Sözkonusu hükme göre, kurumların en az iki tam yıl süreyle aktiflerinde yer alan iştirak hisseleri ile gayrimenkullerinin satışı suretiyle gerçekleşen devir ve teslimleri, bankalara borçlu olanların ve kefillerinin borçlarına karşılık gayrimenkul ve iştirak hisselerinin (müzayede mahallerinde yapılan satışlar dahil) bankalara devir ve teslimleri KDV’nden istisna edilmiştir.
Bu istisna ile ilgili belli bazı özellikler aşağıda özetlenmiştir :
• Eskiden Geçici 10 uncu madde kapsamında düzenlenmiş bulunan aynı amaçlı istisna hükmü, tamamen KVK’nun Geçici 28/a ve Geçici 29 uncu maddeleri kapsamında yapılan işlemlere hasredilmiş olduğundan o maddelerdeki şartların yerine getirilmiş olması KDV istisnası uygulaması açısından da zorunluluk arz etmekteydi.
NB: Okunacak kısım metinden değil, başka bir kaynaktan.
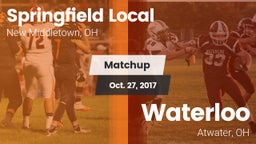 Matchup: Springfield Local Hi vs. Waterloo  2017
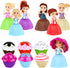 Beautiful Cake Doll Toy Surprise Cupcake Princess Doll Toys for Kids – 6PCS Scented Funny Game Gift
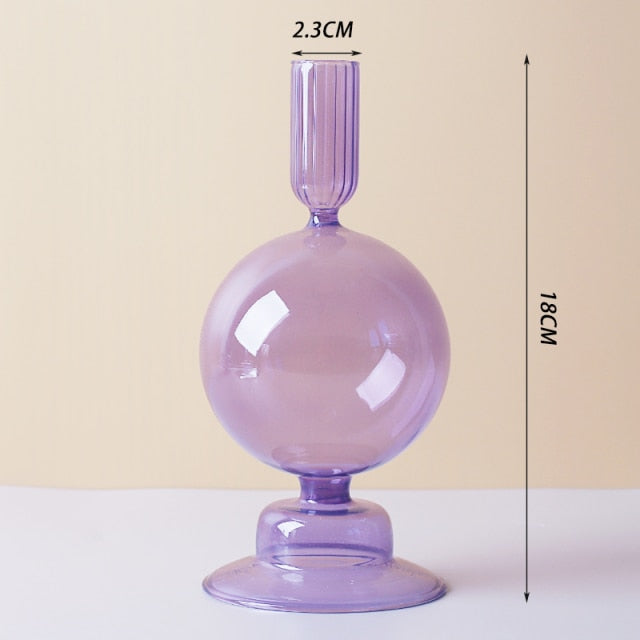 BowLift | Nordic Stylish Bubble Glass Candle Holder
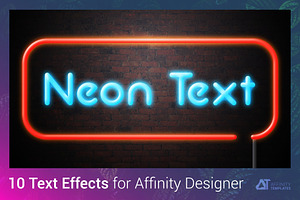 Neon Text Effect Affinity Designer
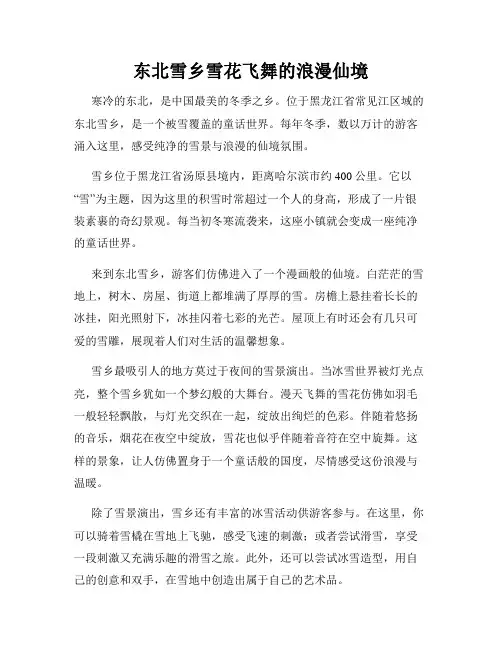 东北雪乡雪花飞舞的浪漫仙境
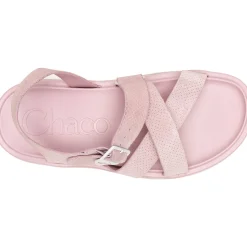Clearance Chaco Women's Townes Suede Midform Sandal Rose Quartz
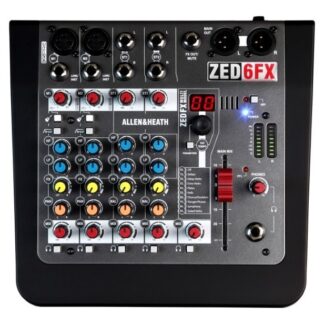 Mezclador De 6 Canales C/efectos Zed-6fx  Allen & Heath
Örneğin kazancın sermayeye ilave edilmiş olması şartı KV istisnası yanında KDV istisnasının uygulanması için de bir şarttı. Yeni hükümde KDV istisnası hiçbir kanuna bağlı olmaksızın tanımlanmış olduğu için, bu tür satışlarda KDV istisnasının uygulanması, doğan kazancın sermayeye ilave edilmesi ve dolayısıyla KV istisnasından da yararlanılmış olması şartına bağlı değildir. Hatta bu nedenle, eskiden zararına satış hallerinde KV istisnasına ihtiyaç olmadığı ve sermayeye ilave işlemi de yapılamadığı için teslim bedeli üzerinden KDV istisnasının da uygulanamaması şeklinde ortaya çıkan uygulama da ortadan kalkmış olacaktır. Kısacası, satış bedeli ne olursa olsun, satıştan kâr ya da zarar doğup doğmadığına ve KV açısından istisnadan yararlanılıp yararlanılmadığına ve dolayısıyla doğan kazancın sermayeye ilave edilip edilmediğine bakılmaksızın, diğer şartlar mevcutsa KDV istisnası uygulanacaktır.
• KDV istisnası uygulanabilmesi için kurumun sözkonusu iştirak hisseleri ve gayrimenkullere en az iki tam yıl (730 gün) süreyle sahip olması gerekmektedir.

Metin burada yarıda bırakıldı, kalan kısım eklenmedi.